26 декабря Высоцкий дал еще один концерт — в МВТУ имени Баумана.
ГЛАВА ТРИДЦАТЬ СЕДЬМАЯ
В ПИКУ ДИССИДЕНТАМ
В среду, 5 января 1977 года, Высоцкий играл на сцене «Таганки» принца датского Гамлета. А два дня спустя выступил с концертом в Доме культуры Автомобильного завода имени Ленинского комсомола (АЗЛК). Исполнил восемь песен: «Утренняя гимнастика», «Я бегу, бегу…», «Жираф», «Кто верит в Магомета…», «Я не люблю», «Про Джеймса Бонда», «Я вышел ростом и лицом…», «Песня завистника», «Ой, Вань…»
Отметим, что приехал он туда в качестве… лектора от общества «Знание». Спросите почему? Дело в том, что вот уже год он вынужден маскировать свои выступления под лекторские, чтобы не иметь претензий от властей. Перед каждым концертом он теперь вынужден «литовать» свой репертуар: отсылать список песен «наверх», чтобы там их тщательно фильтровали. Если что-то цензорам не нравилось, Высоцкого заставляли эти песни из программы исключить. Все это было не случайно, а вполне закономерно: как уже отмечалось, градус ненависти Высоцкого к существующей власти с каждым днем повышался, что отражалось на его творчестве. В целях недопущения выплеска этой ненависти на публику власти и сделали Высоцкого… «лектором» общества «Знание». А ведь могли поступить и более жестко: вообще перекрыть ему кислород и лишить концертных выступлений. Но был избран иной путь. Который и позволяет нам сегодня сделать вывод, что советский режим эпохи «застоя» был отнюдь не жестоким и тоталитарным, а пофигистским.
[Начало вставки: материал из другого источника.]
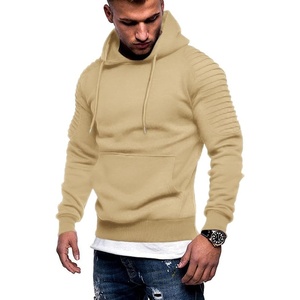 image:imageCOOFANDY Mens Hoodie Casual Drawstring Athletic Hoodies Hooded Pullover Sweatshirts with PocketKhaki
С диссидентами там нянькались как с малыми детьми: например, с 1967 по 1976 год посадили за решетку всего-то 270 человек (по 27 в год, и это на 270-миллионную страну!), а остальных боялись даже пальцем тронуть, опасаясь шума на Западе, в результате чего тот же А. Сахаров за эти же годы проведет 150 (!) пресс-конференций, на которых будет поливать СССР помоями без всякого зазрения совести (он, к примеру, заявил, что СССР более агрессивное государство, чем США, одобрил вторжение последних во Вьетнам, а также переворот в Чили как спасение от коммунизма). И этот человек жил в центре Москвы (рядом с Курским вокзалом) и спокойно озвучивал свои антисоветские прокламации на весь мир, не боясь быть посаженным в тюрьму или высланным за границу. А те же диссиденты из «Хельсинкских правозащитных групп» своими выступлениями сорвали советским властям несколько крупных контрактов на общую сумму в 2 млрд долларов — и хоть бы хны: только нескольких из них посадили, а остальные как ни в чем не бывало продолжали свою деятельность под прикрытием Запада. А ведь если бы какие-нибудь правозащитники в США сорвали тамошнему военно-промышленному комплексу контракты на такую же миллиардную сумму, легко себе представить, что бы с ними сделали — одно мокрое место бы осталось. Впрочем, на то они и капиталисты — деньги считать умеют. Потому, видимо, и победили брежневских пофигистов.